(PROVIDED MATERIAL)

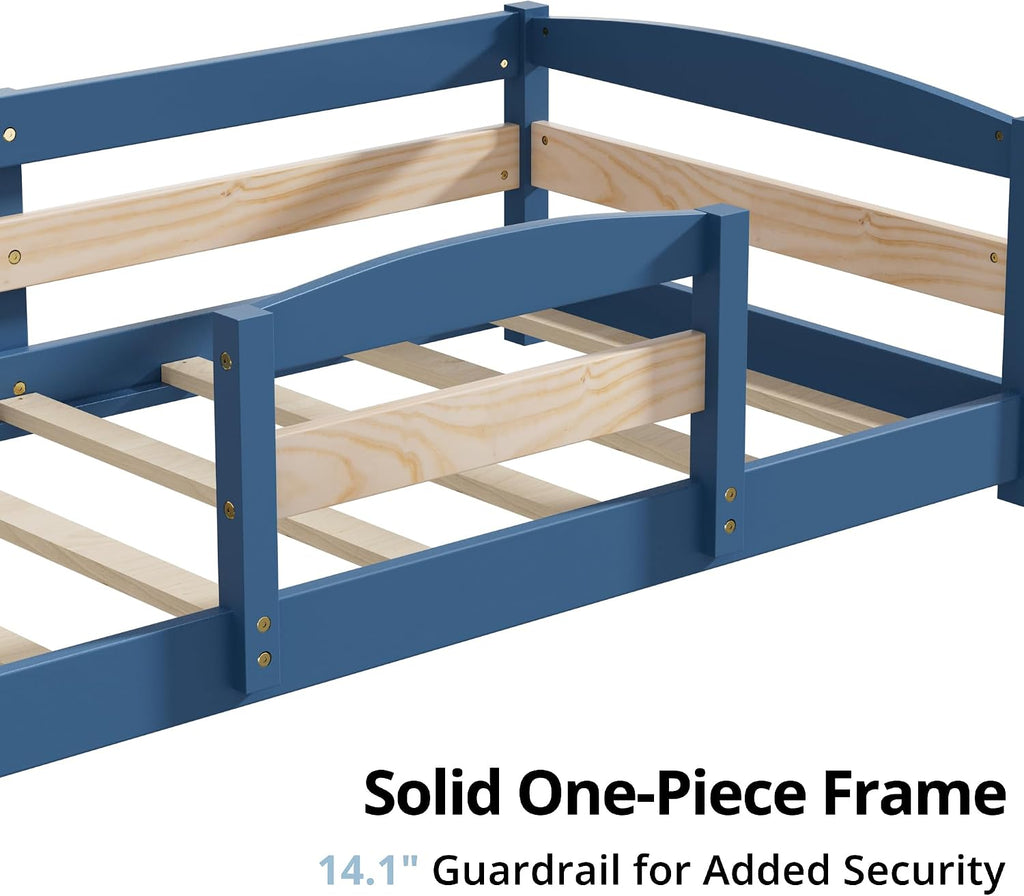 Standard Crib Size Toddler Bed, Wooden Low Montessori Floor Bed Frame with 2 Enters and Safe Guardrails for Boys and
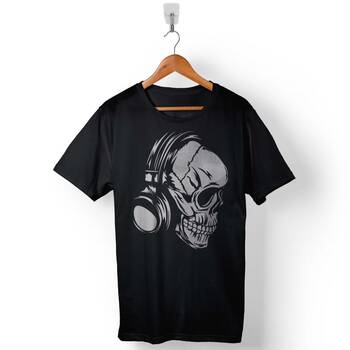 Skull Kuru Kafa Kulaklık Listen To Music Baskılı Tişört Unisex T-Shirt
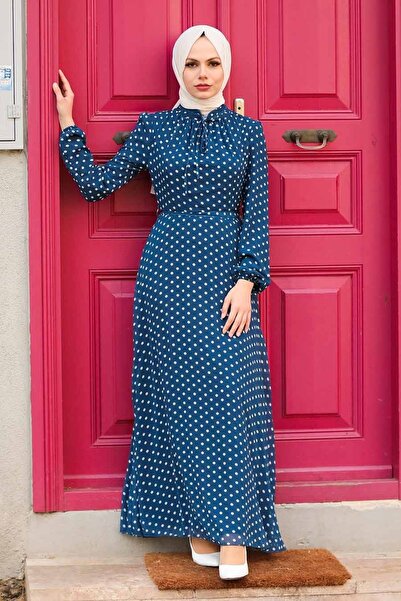 Neva Style - Polka Dot Navy Blue Hijab Dress 27909L
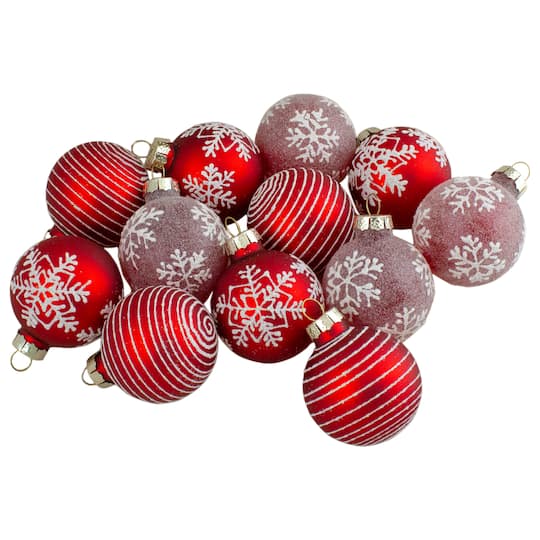 12ct. 2&#x22; Red Glass Ball Ornaments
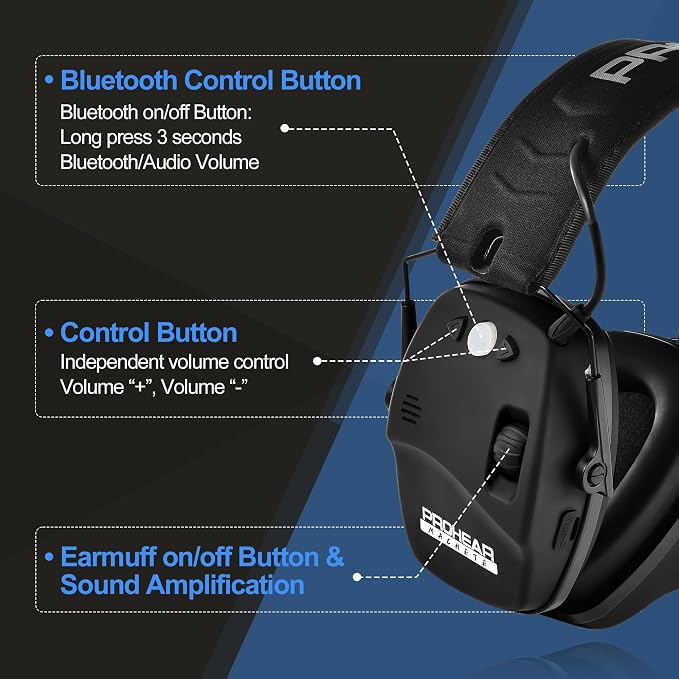 PROHEAR Ear Protection Safety Earmuffs for Shooting Noise Reduction Slim Hearing Protector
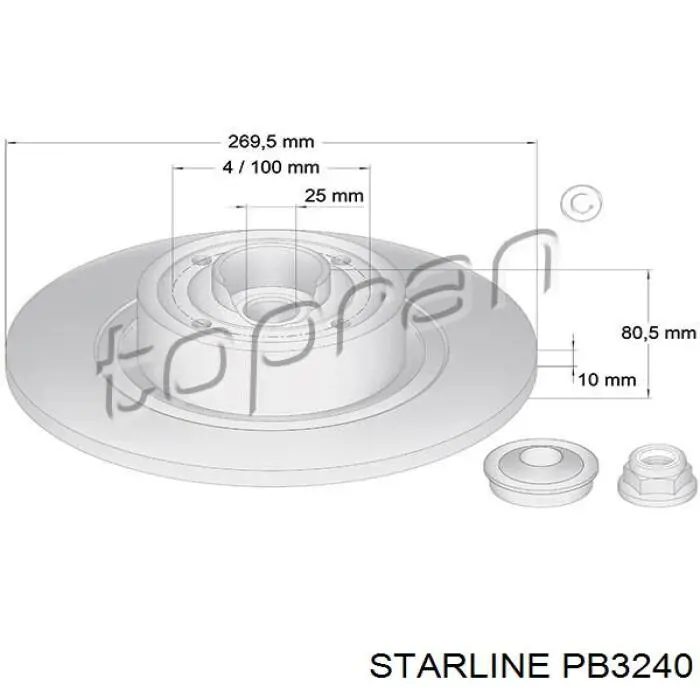 Задний дисковый тормоз Starline PB3240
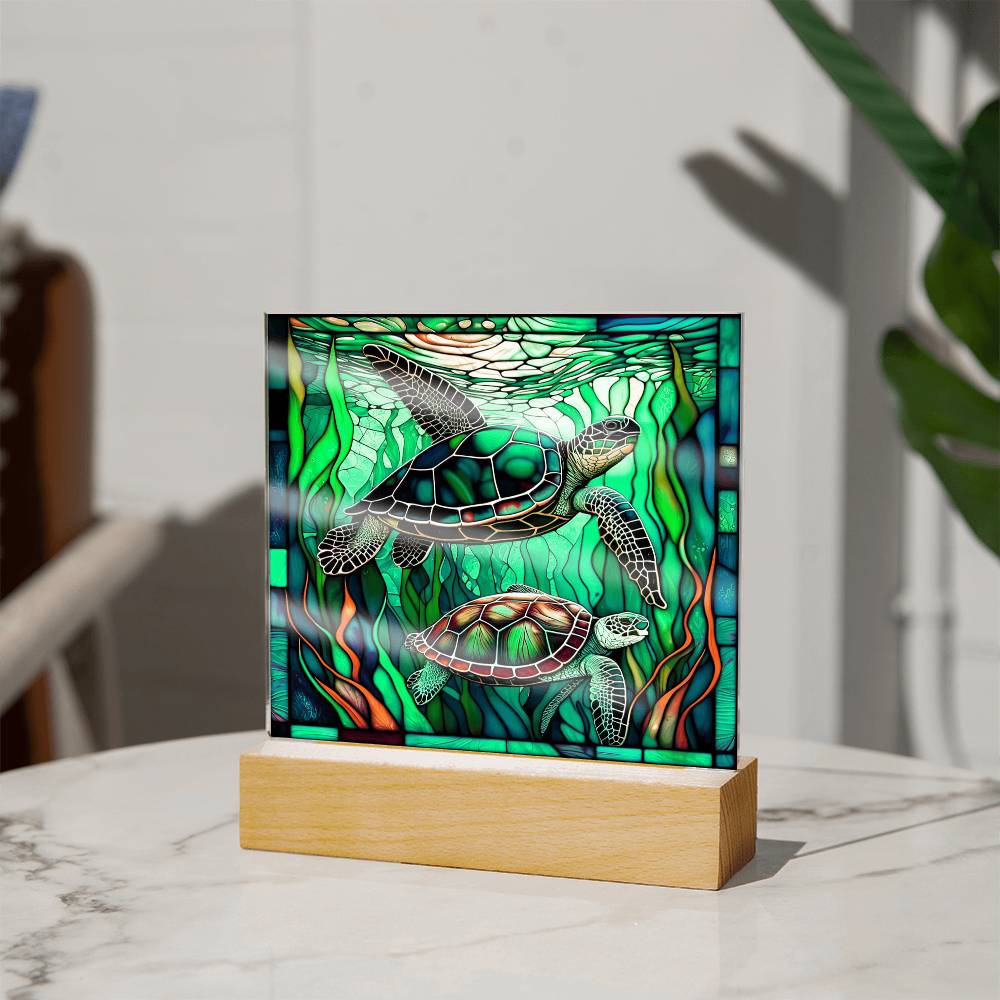 Turtle Serenity Stained Glass Designed Acrylic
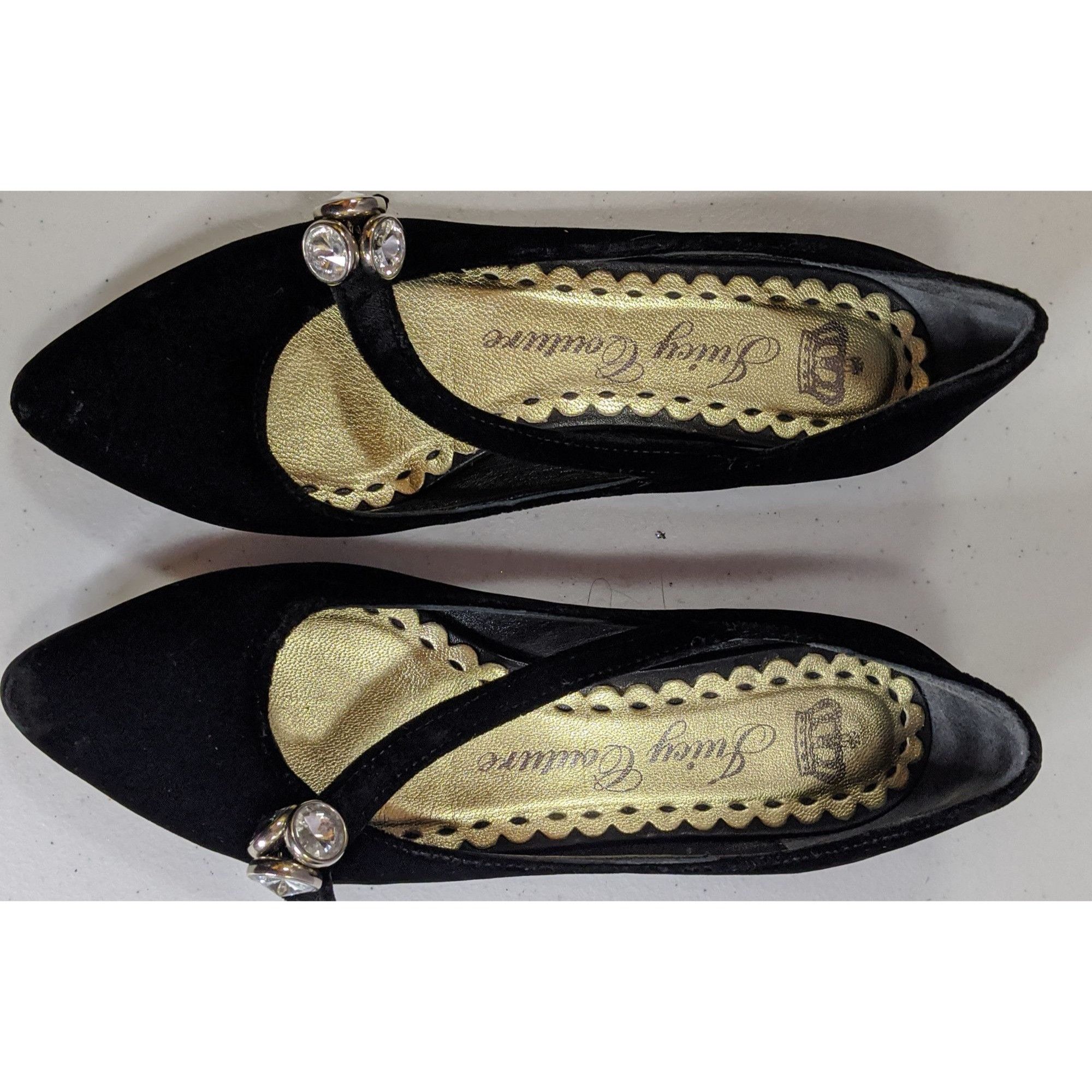 Juicy Couture Juicy Couture Black Velvet Rhinestone Embellished Flats Size Size US 6.5 / IT 36.5 - 8 Thumbnail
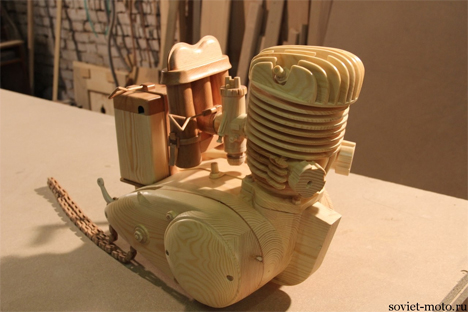 hand carved wooden motorcycle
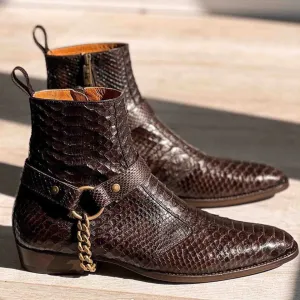 Brown Crocodile/Python Print Italian Leather Wanton Slip On Harness Chelsea Boots - Chelsea Boots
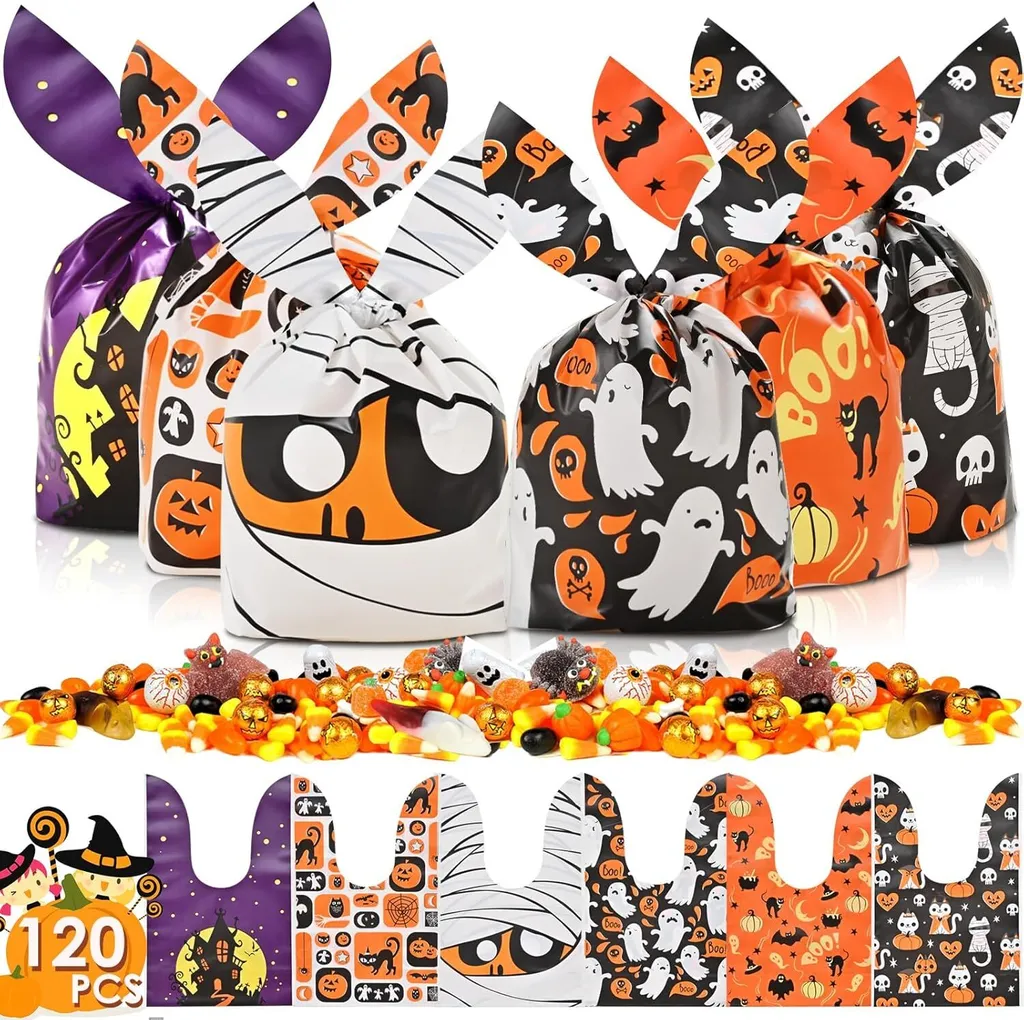 150 Sachets À Bonbons D'Halloween, Pochettes À Bonbons D'Halloween, Sacs À Bonbons D'Halloween, Sacs Cadeaux Lapins D'Halloween Pour La Chasse Aux Bonbons, Accessoires De Décoration Pour Fête D'Hallow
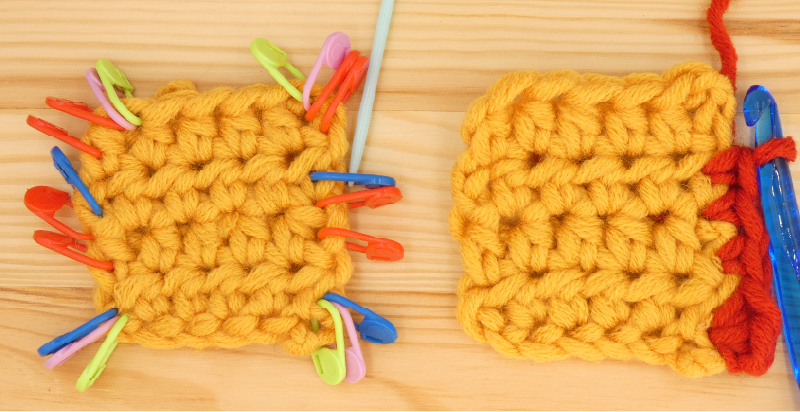 Border Half treble / Half double Crochet photo instructions 3rd side stitch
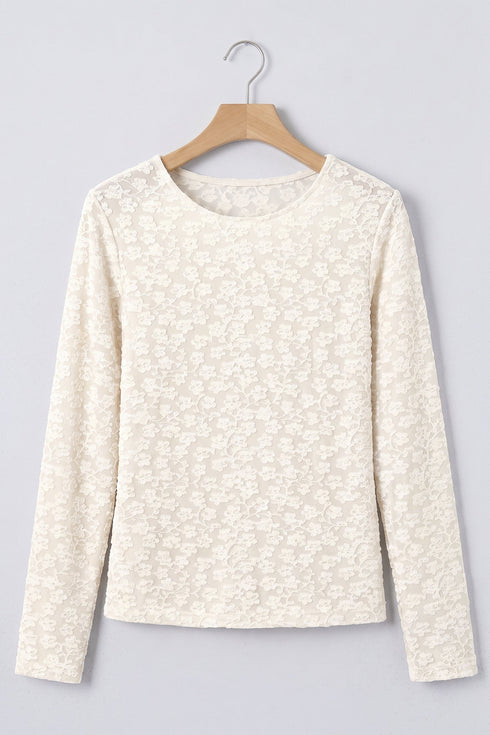 Floral Textured Sheer Unprinted Long Sleeve Top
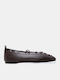 Women's Pointed Toe Ballerina Shoes In Brown Colour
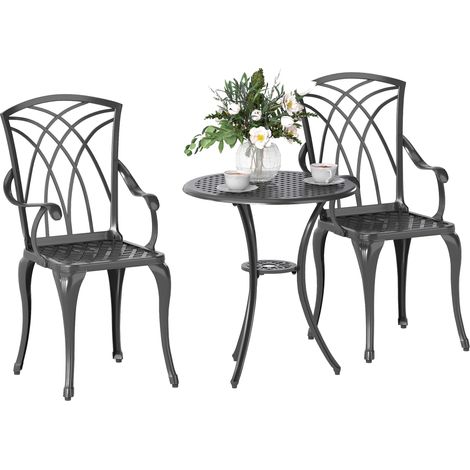3 Pieces Garden Dining Set for 2, Cast Aluminium Outdoor Dining Set with 2 Armchairs Round Dining Table with Parasol Hole, Garden Furniture Bistro Set, Brown (1/5)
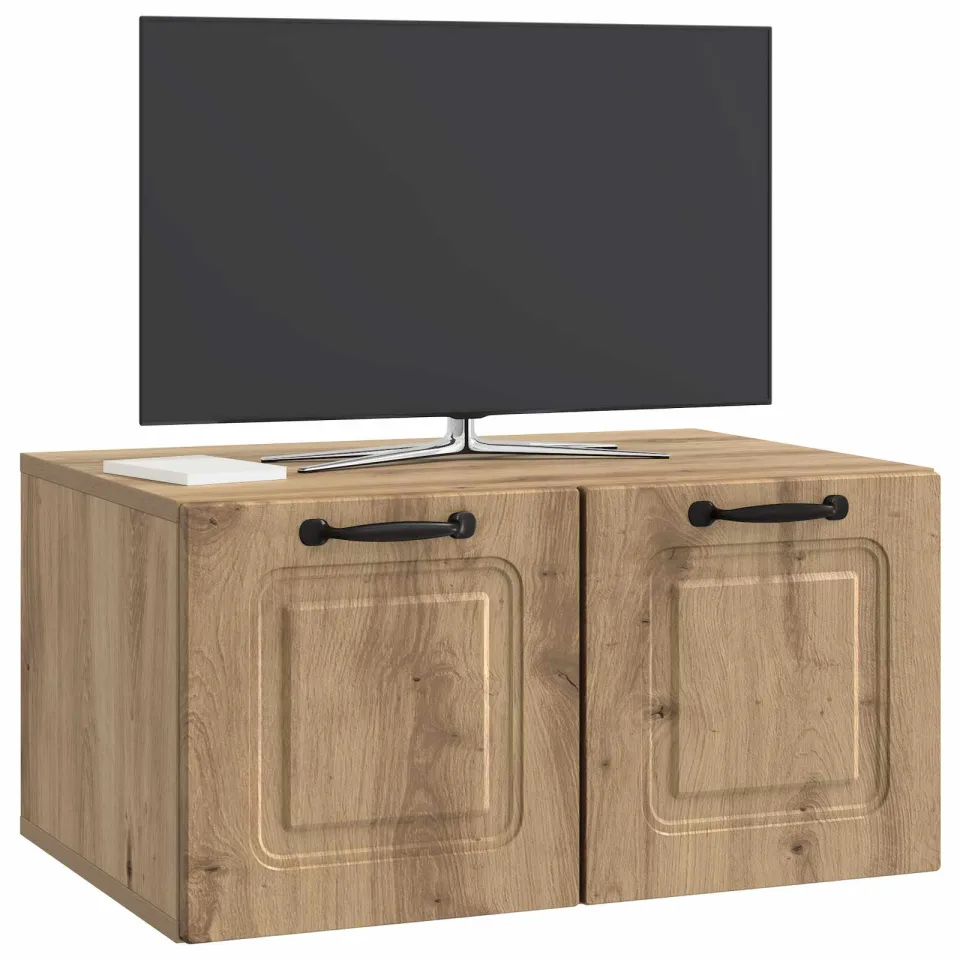 vidaXL Wandbeugel TV-kast 59,5 x 41 x 30 cm Artisanaal eiken Bruin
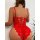 Sexy red lace bodysuit with sheer backless design and open-crotch feature, perfect for bridal lingerie or evening wear.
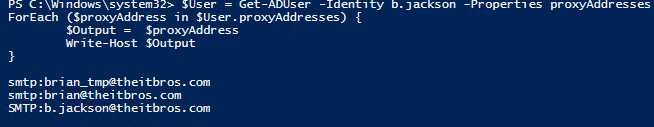 proxyaddresses attribute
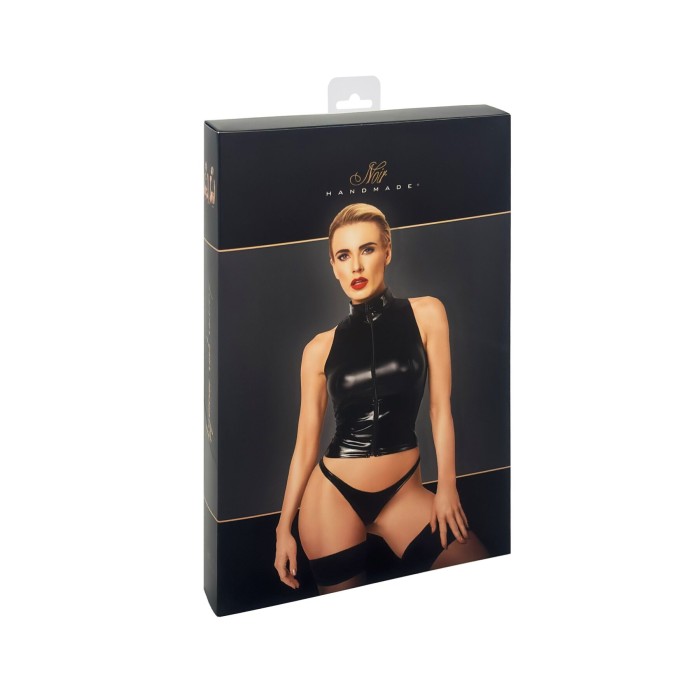 Топ Noir Handmade F324 Glam, M, black, халтер, на блискавці, вінілові вставки, комір-стійка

(End PROVIDED MATERIAL)

- [PROBLEM DESCRIPTION] Could you write out the records again exactly, omitting each image?

- [REPLY]
 Standard Crib Size Toddler Bed, Wooden Low Montessori Floor Bed Frame with 2 Enters and Safe Guardrails for Boys and
 Skull Kuru Kafa Kulaklık Listen To Music Baskılı Tişört Unisex T-Shirt
 Neva Style - Polka Dot Navy Blue Hijab Dress 27909L
 12ct. 2&#x22; Red Glass Ball Ornaments
 PROHEAR Ear Protection Safety Earmuffs for Shooting Noise Reduction Slim Hearing Protector
 Задний дисковый тормоз Starline PB3240
 Turtle Serenity Stained Glass Designed Acrylic
 Juicy Couture Juicy Couture Black Velvet Rhinestone Embellished Flats Size Size US 6.5 / IT 36.5 - 8 Thumbnail
 hand carved wooden motorcycle
 Brown Crocodile/Python Print Italian Leather Wanton Slip On Harness Chelsea Boots - Chelsea Boots
 150 Sachets À Bonbons D'Halloween, Pochettes À Bonbons D'Halloween, Sacs À Bonbons D'Halloween, Sacs Cadeaux Lapins D'Halloween Pour La Chasse Aux Bonbons, Accessoires De Décoration Pour Fête D'Hallow
 Border Half treble / Half double Crochet photo instructions 3rd side stitch
 Floral Textured Sheer Unprinted Long Sleeve Top
 Women's Pointed Toe Ballerina Shoes In Brown Colour
3 Pieces Garden Dining Set for 2, Cast Aluminium Outdoor Dining Set with 2 Armchairs Round Dining Table with Parasol Hole, Garden Furniture Bistro Set, Brown (1/5)
 vidaXL Wandbeugel TV-kast 59,5 x 41 x 30 cm Artisanaal eiken Bruin
 Sexy red lace bodysuit with sheer backless design and open-crotch feature, perfect for bridal lingerie or evening wear.
 proxyaddresses attribute
 Топ Noir Handmade F324 Glam, M, black, халтер, на блискавці, вінілові вставки, комір-стійка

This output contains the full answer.